**SOURCE DATA**:
Content starts
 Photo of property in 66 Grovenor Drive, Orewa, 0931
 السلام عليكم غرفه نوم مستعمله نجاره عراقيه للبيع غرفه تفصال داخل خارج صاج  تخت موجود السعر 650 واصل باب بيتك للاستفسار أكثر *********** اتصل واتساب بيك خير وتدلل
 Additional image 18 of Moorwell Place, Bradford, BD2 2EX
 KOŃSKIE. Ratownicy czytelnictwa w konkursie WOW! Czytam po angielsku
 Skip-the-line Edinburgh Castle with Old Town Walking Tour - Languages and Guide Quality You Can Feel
Content ends
Content starts
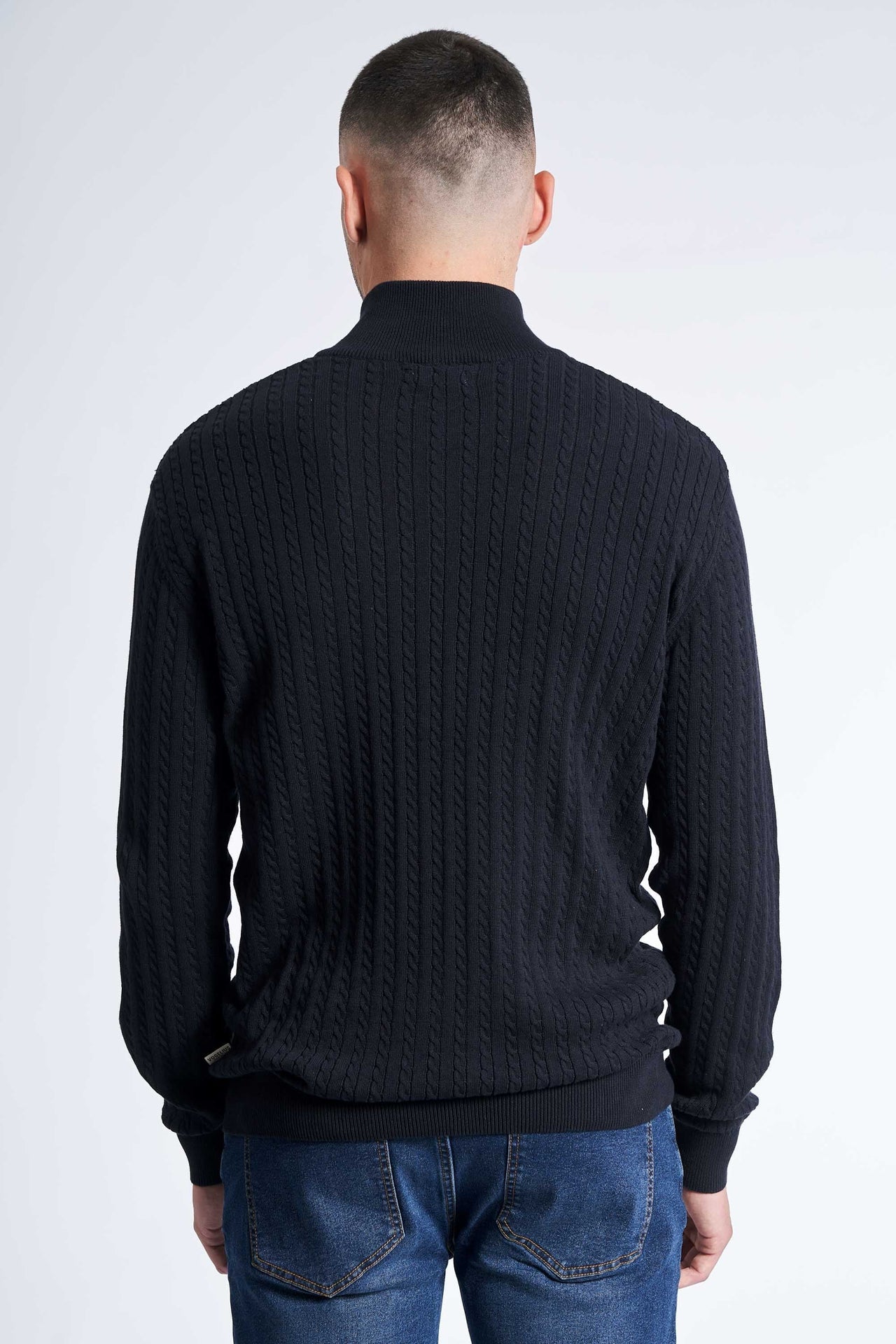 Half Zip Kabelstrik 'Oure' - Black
Content ends
**WHAT TO DO**: Copy out the range of lines above starting at the line with "KOŃSKIE. Ratownicy czytelnictwa" and ending at the line with "Skip-the-line Edinburgh Castle", exactly and including both.

**REPLY TO THE EXERCISE**:
 KOŃSKIE. Ratownicy czytelnictwa w konkursie WOW! Czytam po angielsku
 Skip-the-line Edinburgh Castle with Old Town Walking Tour - Languages and Guide Quality You Can Feel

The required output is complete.